[Exercise inputs — start]
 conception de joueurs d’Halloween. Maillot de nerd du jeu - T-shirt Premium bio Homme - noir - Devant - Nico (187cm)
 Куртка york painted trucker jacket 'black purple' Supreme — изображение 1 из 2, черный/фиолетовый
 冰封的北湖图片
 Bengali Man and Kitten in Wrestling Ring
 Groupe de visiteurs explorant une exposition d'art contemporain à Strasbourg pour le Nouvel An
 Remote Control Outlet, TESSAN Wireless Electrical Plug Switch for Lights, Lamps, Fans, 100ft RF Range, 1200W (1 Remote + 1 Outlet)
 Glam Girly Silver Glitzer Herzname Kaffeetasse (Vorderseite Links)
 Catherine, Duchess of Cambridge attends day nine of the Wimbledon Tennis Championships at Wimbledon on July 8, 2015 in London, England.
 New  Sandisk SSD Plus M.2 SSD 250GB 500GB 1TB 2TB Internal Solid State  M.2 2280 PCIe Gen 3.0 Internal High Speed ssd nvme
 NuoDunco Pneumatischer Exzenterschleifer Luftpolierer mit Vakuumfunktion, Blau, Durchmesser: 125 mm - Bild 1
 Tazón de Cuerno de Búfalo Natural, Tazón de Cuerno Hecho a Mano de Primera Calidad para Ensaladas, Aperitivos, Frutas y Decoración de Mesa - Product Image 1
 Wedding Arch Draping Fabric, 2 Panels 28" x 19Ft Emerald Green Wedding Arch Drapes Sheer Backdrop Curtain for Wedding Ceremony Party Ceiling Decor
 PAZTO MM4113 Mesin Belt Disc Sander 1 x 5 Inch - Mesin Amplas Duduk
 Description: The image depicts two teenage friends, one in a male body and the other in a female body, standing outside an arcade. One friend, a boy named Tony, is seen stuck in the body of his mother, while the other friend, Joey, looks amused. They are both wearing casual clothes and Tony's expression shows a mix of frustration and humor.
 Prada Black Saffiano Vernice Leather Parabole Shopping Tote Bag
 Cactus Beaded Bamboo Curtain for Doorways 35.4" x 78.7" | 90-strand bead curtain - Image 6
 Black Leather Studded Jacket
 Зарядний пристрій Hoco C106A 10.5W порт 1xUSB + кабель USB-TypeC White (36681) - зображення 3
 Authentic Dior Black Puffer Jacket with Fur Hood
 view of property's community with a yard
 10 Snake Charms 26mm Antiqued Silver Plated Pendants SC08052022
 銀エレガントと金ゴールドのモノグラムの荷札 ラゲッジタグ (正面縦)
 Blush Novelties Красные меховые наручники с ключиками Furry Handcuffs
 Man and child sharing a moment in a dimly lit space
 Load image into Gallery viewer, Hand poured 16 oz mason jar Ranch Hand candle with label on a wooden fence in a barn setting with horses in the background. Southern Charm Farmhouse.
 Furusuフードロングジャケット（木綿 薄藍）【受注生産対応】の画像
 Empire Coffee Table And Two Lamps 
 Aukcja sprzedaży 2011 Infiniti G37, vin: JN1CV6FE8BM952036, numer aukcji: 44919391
[Exercise inputs — finish]
• _What is being asked_
Retype exactly the lines from the first line of the records above through the line containing "Blush Novelties Красные", both included, and nothing else.

• _Answer space_
 conception de joueurs d’Halloween. Maillot de nerd du jeu - T-shirt Premium bio Homme - noir - Devant - Nico (187cm)
 Куртка york painted trucker jacket 'black purple' Supreme — изображение 1 из 2, черный/фиолетовый
 冰封的北湖图片
 Bengali Man and Kitten in Wrestling Ring
 Groupe de visiteurs explorant une exposition d'art contemporain à Strasbourg pour le Nouvel An
 Remote Control Outlet, TESSAN Wireless Electrical Plug Switch for Lights, Lamps, Fans, 100ft RF Range, 1200W (1 Remote + 1 Outlet)
 Glam Girly Silver Glitzer Herzname Kaffeetasse (Vorderseite Links)
 Catherine, Duchess of Cambridge attends day nine of the Wimbledon Tennis Championships at Wimbledon on July 8, 2015 in London, England.
 New  Sandisk SSD Plus M.2 SSD 250GB 500GB 1TB 2TB Internal Solid State  M.2 2280 PCIe Gen 3.0 Internal High Speed ssd nvme
 NuoDunco Pneumatischer Exzenterschleifer Luftpolierer mit Vakuumfunktion, Blau, Durchmesser: 125 mm - Bild 1
 Tazón de Cuerno de Búfalo Natural, Tazón de Cuerno Hecho a Mano de Primera Calidad para Ensaladas, Aperitivos, Frutas y Decoración de Mesa - Product Image 1
 Wedding Arch Draping Fabric, 2 Panels 28" x 19Ft Emerald Green Wedding Arch Drapes Sheer Backdrop Curtain for Wedding Ceremony Party Ceiling Decor
 PAZTO MM4113 Mesin Belt Disc Sander 1 x 5 Inch - Mesin Amplas Duduk
 Description: The image depicts two teenage friends, one in a male body and the other in a female body, standing outside an arcade. One friend, a boy named Tony, is seen stuck in the body of his mother, while the other friend, Joey, looks amused. They are both wearing casual clothes and Tony's expression shows a mix of frustration and humor.
 Prada Black Saffiano Vernice Leather Parabole Shopping Tote Bag
 Cactus Beaded Bamboo Curtain for Doorways 35.4" x 78.7" | 90-strand bead curtain - Image 6
 Black Leather Studded Jacket
 Зарядний пристрій Hoco C106A 10.5W порт 1xUSB + кабель USB-TypeC White (36681) - зображення 3
 Authentic Dior Black Puffer Jacket with Fur Hood
 view of property's community with a yard
 10 Snake Charms 26mm Antiqued Silver Plated Pendants SC08052022
 銀エレガントと金ゴールドのモノグラムの荷札 ラゲッジタグ (正面縦)
 Blush Novelties Красные меховые наручники с ключиками Furry Handcuffs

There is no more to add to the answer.